Once Works Well was pure technology. Now it seeks merely to divert.
Pansy subjects - Verse! Opera! Domestic trivia! - are now commonplace.
The 300-word limit for posts is retained. The ego is enlarged

Monday, 21 November 2011

As winter beckons...

Antipathies – with reasons

Music: Berlioz (Edgy, unsettling, unmelodious). Verdi operas (Cumbersome, self-regarding, self-referential, over-Italianate). Rossini (Virtuosic, heartlessly rhythmic, predictable).

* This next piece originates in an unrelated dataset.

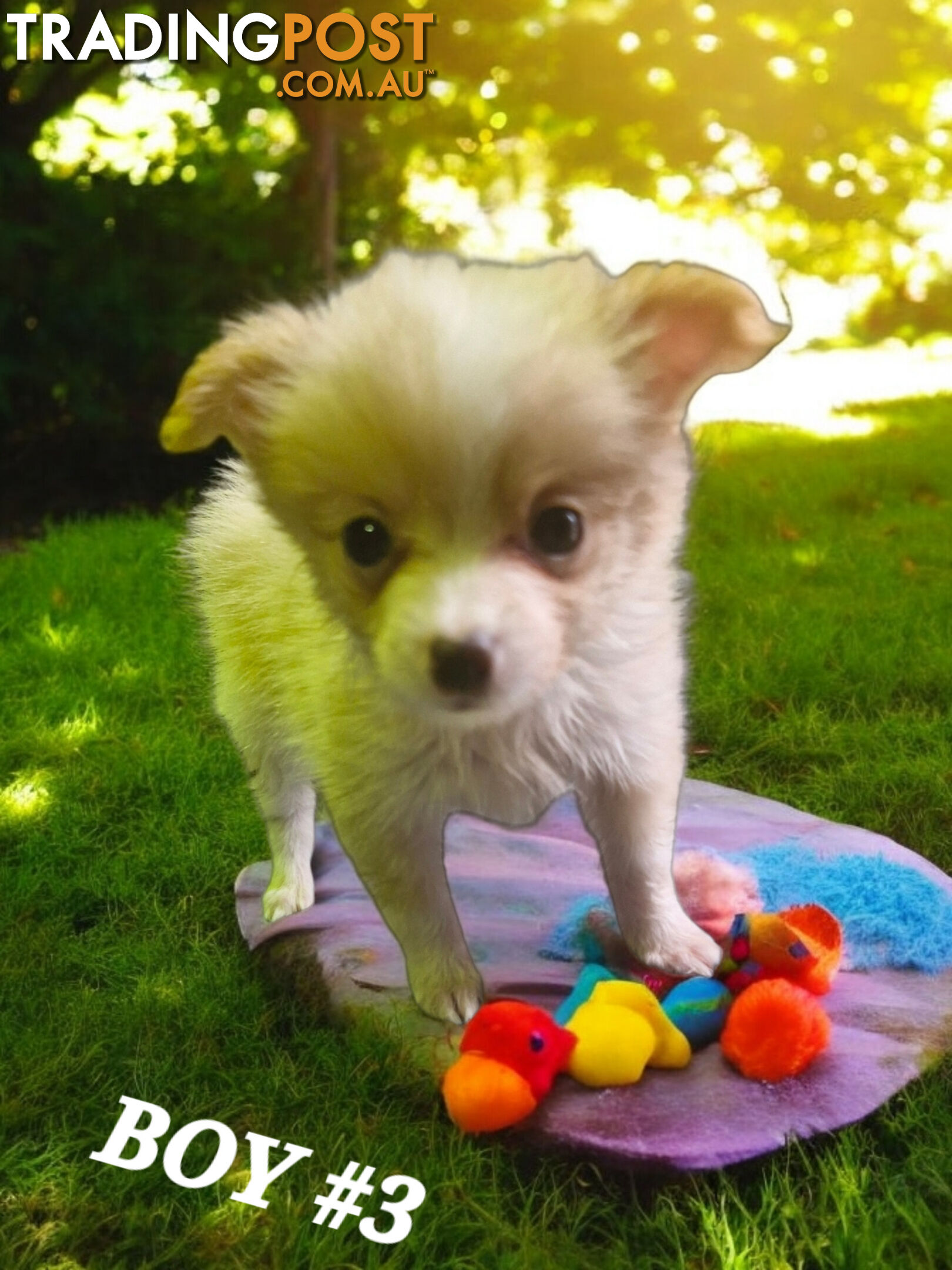 GORGEOUS TEACUP POMCHI PUPPIES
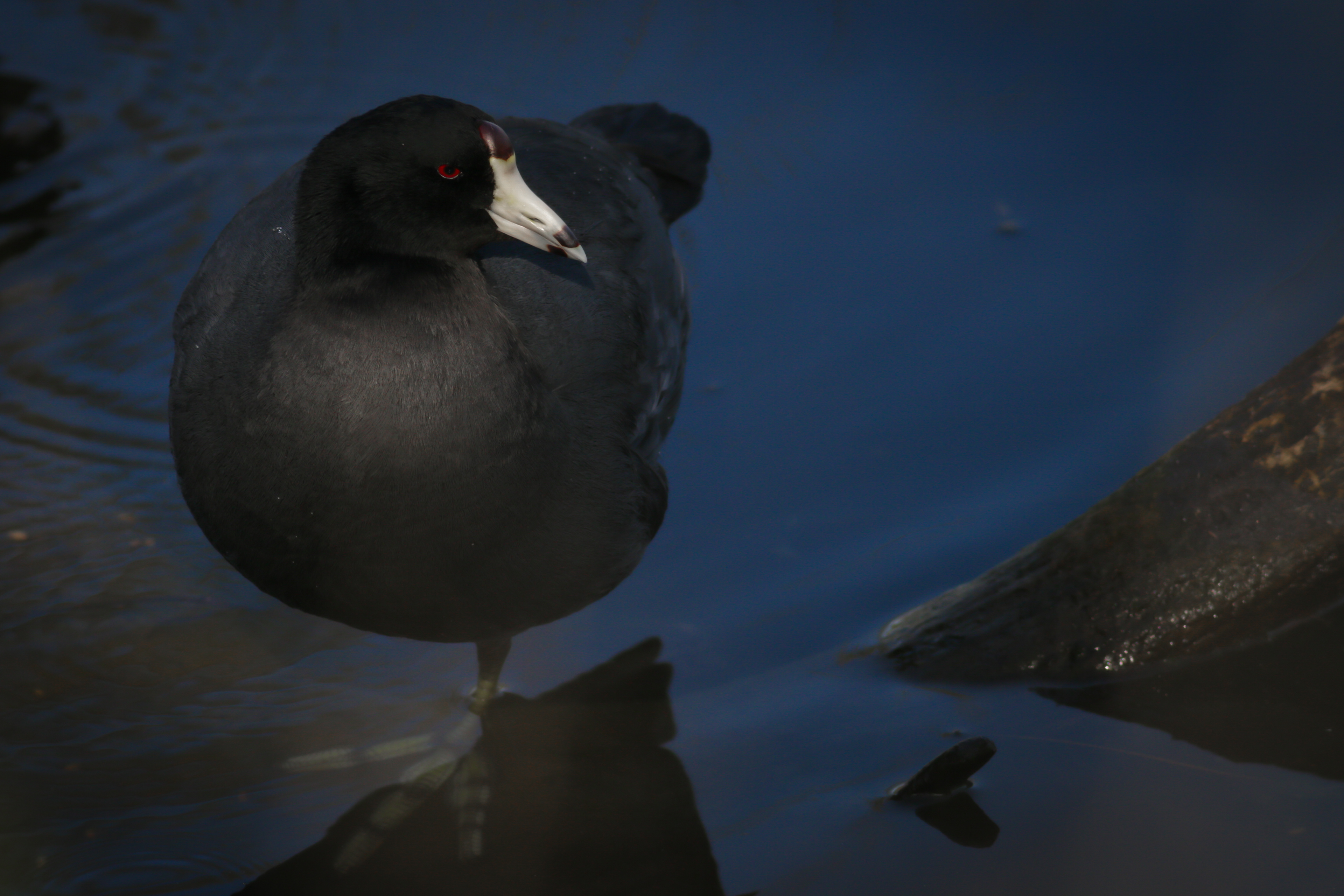 American Coot - BC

Authors: Priestley (Professionally Yorkshire, egotistical, banal). Roth – later titles (Insubstantial, depressing, narrow scope). Byatt (Pedestrian, literary, long)

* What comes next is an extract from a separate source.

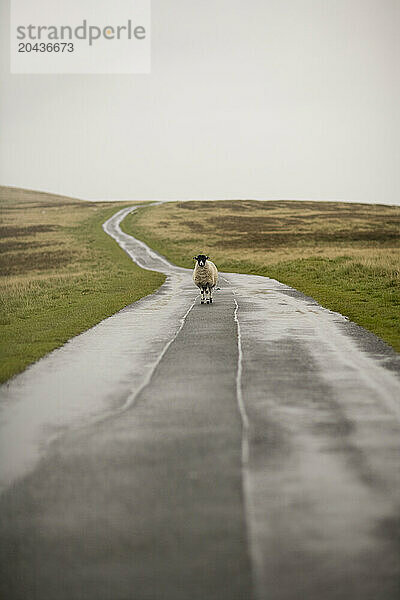 Single sheep standing in road.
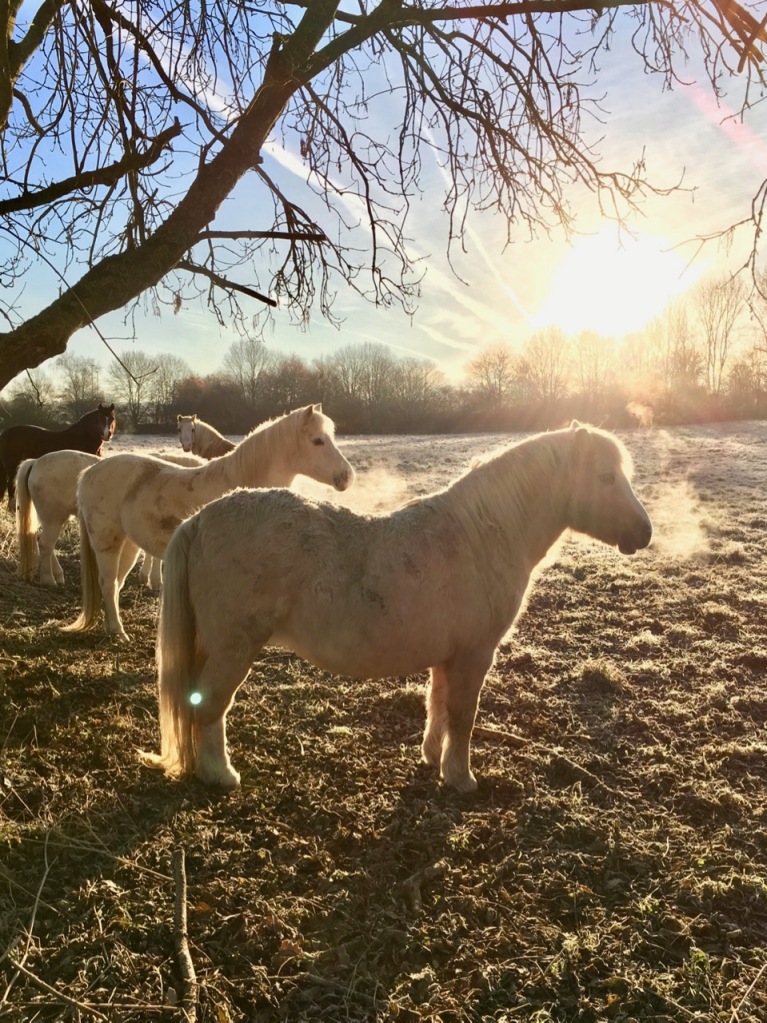 Ponies in frost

Sports: Soccer (Tribal, morally corrupt, unfunny). Ice hockey (Puck too small, confrontational, crowded). Speedway (Brief, unvarying, dirty).

Wine: Bordeaux - petits chateaux (Tannic, cheerless, pretentious). Beaujolais (Trivial, mouldy gamay grape, vegetable bouquet). Sauvignon blanc – barring expensive rarities (Indistinguishable, shallow, dental dangers).

Painters: Emin (Potentially fraudulent, fashionable, childish). Stubbs (Limited subjects, inaccurate, exaggerated). Gauguin (Implausible, inelegant, racist).

Politicians: Chirac (Self-serving, poor teeth, smokes too much). Osborne (Bee-sting mouth, unskilful liar, miniaturised). Johnson (Disguised extremist, self-loving, failed comic).

TV series: The Office (Ugly central character, parodies the unparodiable, sly). Morse (Phony accent, phony intellect, phony beers). Anything-watch (Dumbed, gushing, condescending).

Towns: Guildford (Excessive health, cornflake box cathedral, airs and graces). Dover (Xenophobic, filthy, unwelcoming). Niagara (Smelly industry, disappointing attraction, forgettable)

Actors: Alec Baldwin (Abrupt, uncongenial, slab-sided). Mayall (Monotonous, febrile, thin). Hawn (Repetitive, unskilled, irritating)

Blogs: Works Well (Opinionated, casual, sour).

NOTE. Anyone thinking of responding: conciseness (which I haven't managed everywhere) will tickle your fancy.

7 comments:

Hattie said...

I'm catching up on 30 Rock, watching episodes on my Kindle Fire. According to Tina Fay in her book, Bossypants, she insisted that Alec Baldwin had to play her boss. He's perfect in the role, because you know he is playing himself and he is too dumb to catch on.
I think you have picked out things that are fatally flawed. Roth is very limited, yes, but I can't get around him. I have never been to Niagara Falls, so I can't say anything about that. Byatt has her moments, but I prefer Drabble.
One of my blogger friends is saying that Almodovar is "unconvincing," so a rebellion against things that are good but not good enough must be going around.
This is not the same as just plain bad stuff, like Franzen's Freedom.
I'm a little tired of today's atmosphere around books, celebrities, travel and so on, which is mostly hype.
My husband suggest that every generation should destroy all the art, music, and literature of the past and start all over again. Give every kid a flute, a pencil and paper, and a lump of clay.

Julia said...

Berlioz is the Beaujolais of composers.

Rouchswalwe said...

Beer: Bud Light (Swillish, dank, torpid).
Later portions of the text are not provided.